Description
In this programming assignment, you are given a dataset of experimental speed dating events, and
your task is to predict whether the participant of a date decides to give his or her partner a second
date after the speed dating event (i.e., the “decision” column in the dataset). You will implement algorithms to learn and apply some naive Bayes classification (NBC) models to make such predictions.
More specifically, the dataset dating-full.csv is to be used for this assignment. This .csv file
contains information for 6744 speed dating events in the comma-separated format. The file fieldmeaning.pdf contains the complete description for the meaning of each column of the dataset.
You are asked to implement your algorithms in Python. Note that although there are many data
mining algorithms available online, for this assignment (as well as the next few programming assignments) you must design and implement your own versions of the algorithm. DO NOT use
any publicly available code including libraries such as sklearn. Your code will be checked against
public implementations. In addition, we will not provide separate testing data to you. You are
asked to design your own tests to ensure that your code runs correctly and meets the specifications
below. Note: You may use the pandas, numpy, scipy libraries for data processing purposes.

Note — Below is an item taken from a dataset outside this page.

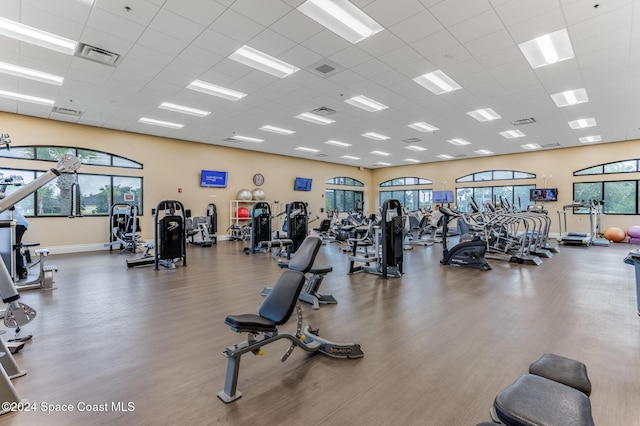 workout area with dark wood-type flooring and a drop ceiling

The only restriction is that you have to write your own version of data mining algorithms; you
can not use any built-in functions for your algorithm. This is a general rule for this assignment
and all the upcoming ones as well.
To make it easier to refer to a few sets of columns in the dataset, we will use the following terms
(usages will be italicized):
1. preference scores of participant: [attractive important, sincere important, intelligence important,
funny important, ambition important, shared interests important]
2. preference scores of partner : [pref o attractive, pref o sincere, pref o intelligence, pref o funny
pref o ambitious, pref o shared interests]
3. continuous valued columns: All columns other than [gender, race, race o, samerace, field,
decision].
4. rating of partner from participant: [attractive partner, sincere partner, intelligence partner,
funny partner, ambition partner, shared interests partner]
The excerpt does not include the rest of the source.